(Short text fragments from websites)
---

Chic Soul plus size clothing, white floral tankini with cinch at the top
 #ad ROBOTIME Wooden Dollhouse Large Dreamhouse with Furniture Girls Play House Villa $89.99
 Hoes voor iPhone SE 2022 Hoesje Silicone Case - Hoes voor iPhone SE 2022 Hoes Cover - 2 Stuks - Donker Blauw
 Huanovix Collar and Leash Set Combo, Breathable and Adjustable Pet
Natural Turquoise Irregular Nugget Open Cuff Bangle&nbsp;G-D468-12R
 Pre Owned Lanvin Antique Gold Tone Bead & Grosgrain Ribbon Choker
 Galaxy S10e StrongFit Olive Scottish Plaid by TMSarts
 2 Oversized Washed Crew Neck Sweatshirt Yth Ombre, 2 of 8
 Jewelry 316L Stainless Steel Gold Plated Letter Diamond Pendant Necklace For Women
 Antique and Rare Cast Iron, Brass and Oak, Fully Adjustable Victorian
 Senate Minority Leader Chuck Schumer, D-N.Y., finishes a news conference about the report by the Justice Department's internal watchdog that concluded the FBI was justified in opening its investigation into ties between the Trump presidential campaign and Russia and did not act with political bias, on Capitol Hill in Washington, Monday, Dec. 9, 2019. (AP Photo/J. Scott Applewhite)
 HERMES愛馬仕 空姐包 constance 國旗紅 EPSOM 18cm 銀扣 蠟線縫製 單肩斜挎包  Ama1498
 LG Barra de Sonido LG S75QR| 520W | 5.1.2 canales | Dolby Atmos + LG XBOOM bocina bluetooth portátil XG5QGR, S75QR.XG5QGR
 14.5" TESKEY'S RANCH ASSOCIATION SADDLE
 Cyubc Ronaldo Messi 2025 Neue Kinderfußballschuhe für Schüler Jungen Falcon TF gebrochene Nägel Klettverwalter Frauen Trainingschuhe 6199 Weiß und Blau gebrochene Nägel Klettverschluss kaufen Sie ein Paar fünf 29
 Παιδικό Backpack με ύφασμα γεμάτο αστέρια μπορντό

---

**What is required:** What is needed is a word-for-word restatement of all the data.

**Result of this exercise:**
Chic Soul plus size clothing, white floral tankini with cinch at the top
 #ad ROBOTIME Wooden Dollhouse Large Dreamhouse with Furniture Girls Play House Villa $89.99
 Hoes voor iPhone SE 2022 Hoesje Silicone Case - Hoes voor iPhone SE 2022 Hoes Cover - 2 Stuks - Donker Blauw
 Huanovix Collar and Leash Set Combo, Breathable and Adjustable Pet
Natural Turquoise Irregular Nugget Open Cuff Bangle&nbsp;G-D468-12R
 Pre Owned Lanvin Antique Gold Tone Bead & Grosgrain Ribbon Choker
 Galaxy S10e StrongFit Olive Scottish Plaid by TMSarts
 2 Oversized Washed Crew Neck Sweatshirt Yth Ombre, 2 of 8
 Jewelry 316L Stainless Steel Gold Plated Letter Diamond Pendant Necklace For Women
 Antique and Rare Cast Iron, Brass and Oak, Fully Adjustable Victorian
 Senate Minority Leader Chuck Schumer, D-N.Y., finishes a news conference about the report by the Justice Department's internal watchdog that concluded the FBI was justified in opening its investigation into ties between the Trump presidential campaign and Russia and did not act with political bias, on Capitol Hill in Washington, Monday, Dec. 9, 2019. (AP Photo/J. Scott Applewhite)
 HERMES愛馬仕 空姐包 constance 國旗紅 EPSOM 18cm 銀扣 蠟線縫製 單肩斜挎包  Ama1498
 LG Barra de Sonido LG S75QR| 520W | 5.1.2 canales | Dolby Atmos + LG XBOOM bocina bluetooth portátil XG5QGR, S75QR.XG5QGR
 14.5" TESKEY'S RANCH ASSOCIATION SADDLE
 Cyubc Ronaldo Messi 2025 Neue Kinderfußballschuhe für Schüler Jungen Falcon TF gebrochene Nägel Klettverwalter Frauen Trainingschuhe 6199 Weiß und Blau gebrochene Nägel Klettverschluss kaufen Sie ein Paar fünf 29
 Παιδικό Backpack με ύφασμα γεμάτο αστέρια μπορντό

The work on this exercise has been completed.